En 1914, el alcalde de Ulea, Francisco Tomás Ayala, pese a ser nombrado mediante elecciones municipales generales, estas fueron acaparadas por los representantes de sus partidos, ya que no podían votar nada más que los varones y, de estos, los de más renta industrial y agropecuaria que resultaban ser los grandes propietarios del pueblo qué, en realidad, eran los que imponían el voto a sus convecinos; como verdaderos señores feudales. No tenían derecho a sufragio de momento ni las mujeres ni los pobres.
Las inquietudes de carácter socialista y republicana, eran sofocadas por las fuertes campañas mediáticas del clero, que efectuaban sin ningún rubor, verdaderas cruzadas, tanto a nivel popular como por medio de la prensa oficialista.
La crisis fue tremenda y muchos vecinos se vieron obligados para prosperar a emigrar a Cataluña, Madrid y, algunos, a Argentina; quedando, por tanto, los campos despoblados.
Como una esperanzadora excepción, párrocos del municipio Juan Antonio Cerezo Ortín y José Azorín Piñero, trabajaron sin descanso en aras de qué se instalara en la ciudad la cordura, paz, orden, aceptación y respeto. De tal manera se implicaron qué,»el Diario de Murcia” reflejaba la gran labor realizada por dichos clérigos uleanos por mantener el equilibrio y evitar las cruzadas religiosas que envenenaban y daban alas a las clases pudientes, enfrentándolas a la juventud más liberal. Todo ello, a pesar de los mandos de las instituciones religiosas, que “sancionaban su actitud beligerante”.

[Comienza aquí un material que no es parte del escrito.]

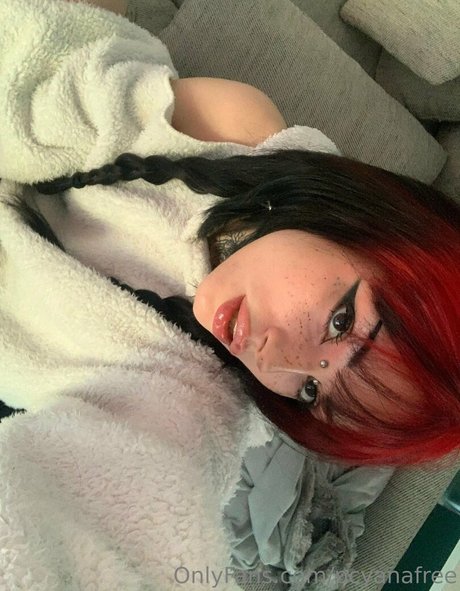 elfsandi art model photo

La situación era caótica ya que los campos dejaron de cultivarse y el nivel de analfabetismo subió hasta cifras insospechadas. ‘El Diario de Murcia’, en sus páginas culturales, llegó a considerar qué, en mi pueblo, el índice de analfabetismo superaba el 75 por ciento de la población adulta.
Ante tanto descontento, se temía que en las elecciones de alcalde se registraran manifestaciones populares; que se enardecieran los ciudadanos y qué, el pueblo tranquilo, pudiera teñirse de sangre. No se trataba de que los partidos expusieran sus razones para ganar a los contrincantes; es el ardor que se puso para transmitir sus ideas. Se trataba de una pasión política incontrolada.
El periodista murciano Martínez Tornel llegó a decir que las elecciones no serían decisorias y que el único valor en la sociedad, era cambiar de cacique.
Los sacerdotes mencionados, ante tal debacle y pérdida de principios morales y aumento del analfabetismo, “se lanzaron al ruedo” en pos de la educación, impartiendo clases a los vecinos y, con la intención de alfabetizarles, y mostrarles que existía el camino de la enseñanza para reconducirles al camino de la convivencia; sin importar la ideología: con total respeto y aceptación.
En dicha tarea se esforzaron, como digo, los clérigos Juan Antonio Cerezo Ortín y José Azorín Piñero, entre los años 1914 y 1917, con la inestimable ayuda de los alcaldes Francisco Tomás Ayala y Lázaro Hita Salinas; a pesar de qué, por su comportamiento, ideas y forma de comportarse fueron señalados como republicanos y revolucionarios por los grupos de poder económico del pueblo.